Primary Education "Too Narrow"
Children in England are getting a primary education that is too narrow, because schools focus too much on maths and English, claims a major report.
The author of the Cambridge University report warns that too much emphasis on testing the basics could “impoverish” learning in areas such as the arts.
Professor Robin Alexander says this could mean a “deficient” education.
The government has rejected the claim as “insulting” and says it “flies in the face of international evidence”.
The Cambridge Primary Review’s interim report is part of the biggest independent inquiry into primary education in England for 40 years.
“Their education, and to some degree their lives, are impoverished if they have received an education that is so fundamentally deficient.”
Professor Robin Alexander, Cambridge Review
It calls for an urgent debate about the purpose of primary education.
The report says inadequacies in the primary curriculum stem from a mistaken belief that breadth in the curriculum is incompatible with improved standards in the “basics” of maths, literacy and numeracy.
History, geography, science and the arts have been “squeezed out”, it argues.
The report’s authors suggest learning in primary schools is skewed towards subjects which are formally tested in the national tests, used to draw up league tables.
It calls testing “the elephant in the curriculum”, noting that in Year 6 especially, the final year of primary school, “breadth competes with the much narrower scope of what is to be tested.”
Professor Robin Alexander, director of the Cambridge Primary Review, said: “Our argument is that their [children’s] education, and to some degree their lives, are impoverished if they have received an education that is so fundamentally deficient.”
“Eight new domains”
The review suggests the primary curriculum should be “re-conceived” with 12 specific aims, which it arranges in three groups:
• The needs and capacities of the individual: wellbeing; engagement; empowerment; autonomy
• The individual in relation to others and the wider world: encouraging respect and reciprocity; promoting interdependence and sustainability; empowering local, national and global citizenship; celebrating culture and community
• Learning, knowing and doing: knowing, understanding, exploring and making sense; fostering skill; exciting the imagination; enacting dialogue.
These aims would be achieved through eight “domains”, rather than a small number of subjects.
The domains would be: arts and creativity; citizenship and ethics; faith and belief; language, oracy and literacy; mathematics; physical and emotional health; place and time (geography and history); science and technology.
Prof Alexander said there had always been a problem in primary schools with striking the right balance between the basic skills, such as numeracy and literacy, and other areas, such as history.
“All of them should be taught to the highest possible standard, raising the quality of educational experience across the board,” he said.
“The key benefit to pupils is a retention of the statutory entitlement of a broad and balanced curriculum.”
A spokesman for the Department for Children, Schools and Families denied primary pupils were getting inadequate schooling.
“To say our children are receiving a deficient education is insulting to hard working pupils and teachers everywhere and flies in the face of international evidence,” he said.
“English children were recently recognised as being the highest achieving in maths and science among European countries.”

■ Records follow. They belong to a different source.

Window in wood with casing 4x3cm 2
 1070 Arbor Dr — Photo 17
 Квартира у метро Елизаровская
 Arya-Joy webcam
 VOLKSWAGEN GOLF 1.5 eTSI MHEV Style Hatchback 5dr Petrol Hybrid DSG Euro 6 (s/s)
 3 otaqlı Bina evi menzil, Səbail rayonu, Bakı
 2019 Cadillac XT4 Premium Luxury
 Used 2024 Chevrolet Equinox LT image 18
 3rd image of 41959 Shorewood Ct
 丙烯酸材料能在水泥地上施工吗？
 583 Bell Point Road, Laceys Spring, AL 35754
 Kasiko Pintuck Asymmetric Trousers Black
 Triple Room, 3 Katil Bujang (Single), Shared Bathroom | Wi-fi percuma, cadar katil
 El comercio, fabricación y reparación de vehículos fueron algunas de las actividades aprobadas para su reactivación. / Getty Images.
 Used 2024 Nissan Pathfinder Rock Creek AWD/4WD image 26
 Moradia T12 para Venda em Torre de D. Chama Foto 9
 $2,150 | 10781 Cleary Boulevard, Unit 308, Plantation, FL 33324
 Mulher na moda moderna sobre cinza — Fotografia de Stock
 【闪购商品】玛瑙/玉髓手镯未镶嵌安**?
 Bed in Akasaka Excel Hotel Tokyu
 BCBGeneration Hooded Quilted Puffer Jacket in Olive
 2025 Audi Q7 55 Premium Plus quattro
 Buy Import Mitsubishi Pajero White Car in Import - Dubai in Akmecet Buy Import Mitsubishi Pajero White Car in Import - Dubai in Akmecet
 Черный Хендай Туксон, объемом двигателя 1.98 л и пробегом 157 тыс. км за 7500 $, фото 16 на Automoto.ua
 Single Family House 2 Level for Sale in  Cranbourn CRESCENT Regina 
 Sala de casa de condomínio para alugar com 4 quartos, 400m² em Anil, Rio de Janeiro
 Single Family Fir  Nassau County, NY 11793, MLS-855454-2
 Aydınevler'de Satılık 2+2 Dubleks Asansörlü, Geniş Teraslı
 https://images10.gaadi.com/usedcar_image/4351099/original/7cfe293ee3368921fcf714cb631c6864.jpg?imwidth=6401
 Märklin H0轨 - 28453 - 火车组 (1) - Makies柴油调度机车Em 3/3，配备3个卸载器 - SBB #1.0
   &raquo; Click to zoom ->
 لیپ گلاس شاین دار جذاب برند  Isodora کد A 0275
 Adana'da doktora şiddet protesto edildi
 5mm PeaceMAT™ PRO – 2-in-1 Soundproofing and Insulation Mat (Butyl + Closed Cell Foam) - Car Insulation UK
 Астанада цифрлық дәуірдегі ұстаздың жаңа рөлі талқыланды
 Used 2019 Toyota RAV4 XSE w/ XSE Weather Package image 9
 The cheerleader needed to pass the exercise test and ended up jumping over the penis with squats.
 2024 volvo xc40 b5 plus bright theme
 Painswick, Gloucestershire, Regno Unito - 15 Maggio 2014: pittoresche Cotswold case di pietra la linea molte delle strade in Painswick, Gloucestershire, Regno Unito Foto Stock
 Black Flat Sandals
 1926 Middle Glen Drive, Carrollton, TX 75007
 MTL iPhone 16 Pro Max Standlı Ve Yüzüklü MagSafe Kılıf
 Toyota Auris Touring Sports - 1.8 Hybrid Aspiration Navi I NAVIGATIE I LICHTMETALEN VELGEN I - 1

The government has commissioned its own independent inquiry into primary education. Its interim findings – already published – called for a flexible, less-overloaded time table.
Sir Jim Rose, heading the review, suggested there could be six broader “areas of learning”, rather than up to 14 individual subjects, such as history, geography and science.
“Freedom and flexibility”
The spokesman for the Department for Children, Schools and Families continued: “We thank Professor Alexander for his contribution and Sir Jim Rose will no doubt read it with interest as part of his extensive, independent consultation into the primary curriculum, which is still gathering evidence from a wide range of experts and academics, teachers, parents and the public.”
He added that the Rose Review’s aim was to give teachers more freedom and flexibility, smooth children’s transition between the stages of their education, and ensure the best possible educational outcomes for all children, he added.
Acting general secretary of the National Union of Teachers, Christine Blower, said it was a matter of “concern” that the government was keeping the Cambridge Primary Review “at arms length”.
“His proposals for the primary curriculum have depth, credibility and, above all, respond to the realities of the primary classroom.”
Nick Seaton, of the Campaign for Real Education, said children needed to be taught the basics at primary school, as well as a range of subjects.
“But if literacy and numeracy are taught well there should be enough time in the curriculum to teach the other subjects,” he said.
The Cambridge Primary Review is an independent body which began its research on primary education in 2006.
The primary curriculum report is its 10th published study. A final report will be published later this year.